With thanks to you kind souls around here, I successfully built PDFedit 0.4.5 
on CentOS 5 / i386.  It was quite smooth compared to some other packages I have 
built, so kudos on that.

I am now turning to building an x86_64 version (still on Cent5), and I have run 
into trouble with the configure script choosing the wrong directory for some of 
the needed libraries.  I have a workaround, so this is more a bug report than 
support request, but I am unable to access your bug tracker via the web site to 
report it that way.


RedHat-family x86_64 systems use the multilib approach, so /lib and /usr/lib 
contain 32-bit libraries (for the most part), whereas the 64-bit libraries are 
in /lib64 and /usr/lib64.  When building software on such a system, one 
generally wants to link against the libraries in /lib64 and /usr/lib64 in 
preference to anything in /lib or /usr/lib, and the linker generally does the 
right thing by default.  I have rarely, if ever, had any trouble related to 
this -- until now.

64-bit versions of all the libraries needed for PDFedit are installed on my 
build system, in /usr/lib64 as is standard for this distro.  I initially also 
had 32-bit boost and zlib installed, and in that configuration the PDFedit 
build proceeded fine all the way to the final link of the pdfedit binary, then 
failed on not finding compatible versions of some of the needed 3rd-party 
libraries:

g++  -o pdfedit  [... many object files ...]   -L/usr/lib64/qt-3.3/lib 
-lqsa_pdfedit -L/home/jbolling/rpm/BUILD/pdfedit-0.4.5/src/qsa/lib/ 
-lqoutputdevices -L/home/jbolling/rpm/BUILD/pdfedit-0.4.5/src/kpdf-kde-3.3.2/ 
-L/usr/lib -lkernel -L/home/jbolling/rpm/BUILD/pdfedit-0.4.5/src/kernel -lutils 
-L/home/jbolling/rpm/BUILD/pdfedit-0.4.5/src/utils -lxpdf 
-L/home/jbolling/rpm/BUILD/pdfedit-0.4.5/src/xpdf/xpdf -lfofi 
-L/home/jbolling/rpm/BUILD/pdfedit-0.4.5/src/xpdf/fofi -lGoo 
-L/home/jbolling/rpm/BUILD/pdfedit-0.4.5/src/xpdf/goo -lsplash 
-L/home/jbolling/rpm/BUILD/pdfedit-0.4.5/src/xpdf/splash  -lfreetype -lt1 
-L/usr/lib -lz -lqt-mt -lXext -lX11 -lm
/usr/bin/ld: skipping incompatible /usr/lib/libt1.so when searching for -lt1
/usr/bin/ld: skipping incompatible /usr/lib/libt1.so when searching for -lt1
/usr/bin/ld: skipping incompatible /usr/lib/libz.so when searching for -lz
/usr/bin/ld: skipping incompatible /usr/lib/libz.a when searching for -lz
/usr/bin/ld: skipping incompatible /usr/lib/libz.so when searching for -lz
/usr/bin/ld: skipping incompatible /usr/lib/libz.a when searching for -lz
/usr/bin/ld: skipping incompatible /usr/lib/libXext.so when searching for -lXext
/usr/bin/ld: skipping incompatible /usr/lib/libXext.so when searching for -lXext

I reiterate that the needed 64-bit development libs are present on the system, 
but I suppose the specified link options cause the linker to overlook them.  
Perhaps that is related to the two spurious appearances of the "-L/usr/lib" 
option.  For what it's worth, those appear to come from configure's choices for 
'BOOST_LDFLAGS' and 'ZLIB_LIBS' options, which configure is getting wrong.
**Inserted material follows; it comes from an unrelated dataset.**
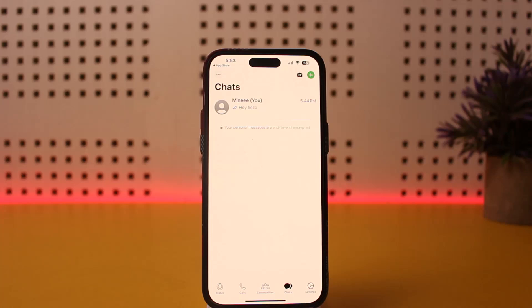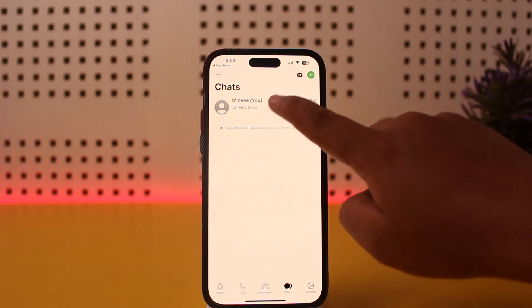First things first — can you transfer WhatsApp chats from iPhone to Android without a data cable? Well, if you link it as a companion device or a linked device, you'll be able to simply transfer your recent chats.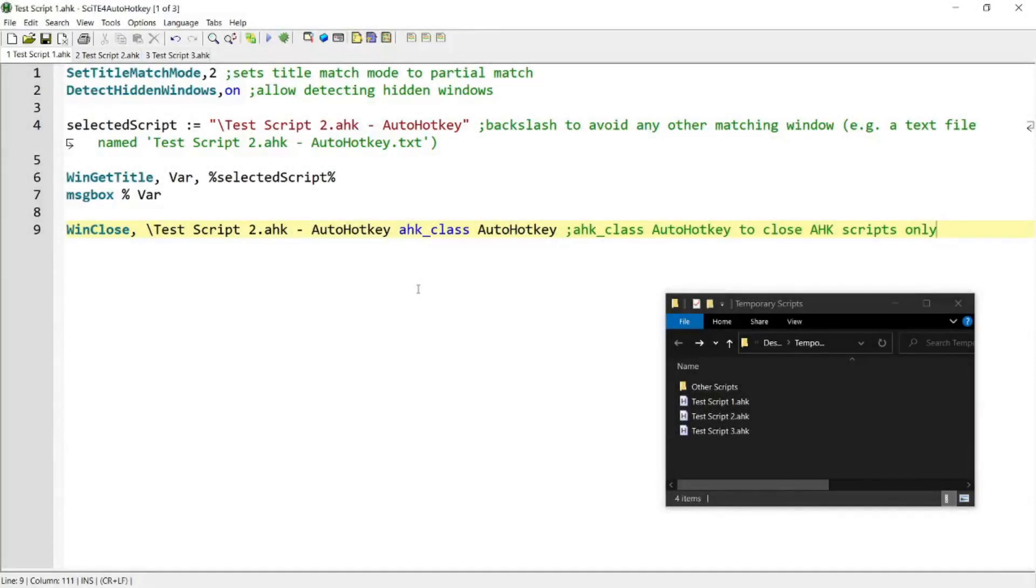Hello, in today's script demo, I'm going to be showing you a script that kills an AutoHotkey script of your choice and that AutoHotkey script only. If you're interested in this topic, please continue watching.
I attempted to fix the problem by exporting LDFLAGS=-L/usr/lib64 to configure, 
but that had no effect whatever on the link command that was ultimately issued. 
 I also tried removing the 32-bit boost libraries, but in that case configure 
fails with:

checking for boost-program-options library... checking whether the 
Boost::Program_Options library is available... yes
configure: error: Could not link against  !

The log appears to shows configure assuming that the boost (and zlib) libs will 
be in /usr/lib, whereas it should be looking instead to /usr/lib64.  
Ultimately, I was able to work around the problem via configure's 
--with-boost-libdir option.  Configure still chooses the wrong link options for 
zlib, but having it right for boost allows the linker to find the right zlib 
(and other) libraries as well, since -L options are global to the whole link.

Overall, none of that hassle should be necessary for a system, such as mine, 
having the needed libraries in standard LSB-specified locations.